Give a girl a break. I’ll owe you.

The Weave answered. The second Gremlin dropped down, and joined the first, following the can across the garage floor. Sweat poured down my back from etheric exertion.

The energy drink was specially prepared. It had spent three weeks in a broom closet in an old people’s home. While the drink was potential rich, the can itself was like an overdose of sleeping tablets, redolent of static, immobile hours, muzak and Pine-Fresh. Both Gremlins dropped to the ground, asleep, with a thud.

I swore with relief. I struggled to my feet, joints popping, and pulled on the thick rubber gloves. I picked up the Gremlins, one in each hand, and took them to my car.

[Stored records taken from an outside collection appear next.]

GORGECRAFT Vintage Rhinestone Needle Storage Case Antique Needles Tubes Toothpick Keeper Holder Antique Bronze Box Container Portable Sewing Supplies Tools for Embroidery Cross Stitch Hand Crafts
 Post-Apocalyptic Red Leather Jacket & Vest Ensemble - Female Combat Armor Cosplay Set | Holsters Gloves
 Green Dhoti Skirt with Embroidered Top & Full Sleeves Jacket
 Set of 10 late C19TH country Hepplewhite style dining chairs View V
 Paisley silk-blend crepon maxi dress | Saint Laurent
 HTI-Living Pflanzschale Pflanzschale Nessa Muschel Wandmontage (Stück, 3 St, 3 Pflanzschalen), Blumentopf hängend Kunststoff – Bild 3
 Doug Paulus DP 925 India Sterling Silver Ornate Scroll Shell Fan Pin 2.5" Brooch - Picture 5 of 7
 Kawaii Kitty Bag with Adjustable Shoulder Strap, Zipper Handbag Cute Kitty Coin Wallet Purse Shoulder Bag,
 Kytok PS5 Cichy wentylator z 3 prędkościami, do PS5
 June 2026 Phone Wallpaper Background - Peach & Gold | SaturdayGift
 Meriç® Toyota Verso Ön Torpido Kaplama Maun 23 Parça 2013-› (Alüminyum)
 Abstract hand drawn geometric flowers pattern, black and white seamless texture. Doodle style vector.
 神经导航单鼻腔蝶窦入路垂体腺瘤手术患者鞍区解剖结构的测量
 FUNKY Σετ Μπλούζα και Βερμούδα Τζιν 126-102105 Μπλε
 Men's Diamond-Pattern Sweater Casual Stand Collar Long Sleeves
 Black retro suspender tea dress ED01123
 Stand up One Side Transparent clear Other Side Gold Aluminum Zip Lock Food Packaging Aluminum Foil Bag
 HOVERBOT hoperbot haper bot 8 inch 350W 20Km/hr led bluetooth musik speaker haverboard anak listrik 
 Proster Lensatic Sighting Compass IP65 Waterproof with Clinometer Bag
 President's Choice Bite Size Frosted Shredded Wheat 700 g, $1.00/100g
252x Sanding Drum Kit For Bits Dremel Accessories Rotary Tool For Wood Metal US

I dumped them in a carefully prepared wooden crate, lined with very old telephone directories for null potential. I nailed down the lid, slapped on the carefully prepared label, and pulled out my phone for the delivery guy.

I have an old friend, well, enemy actually, who might like them both. As a gift.

And the fact that he lives in Chester has nothing to do it with at all.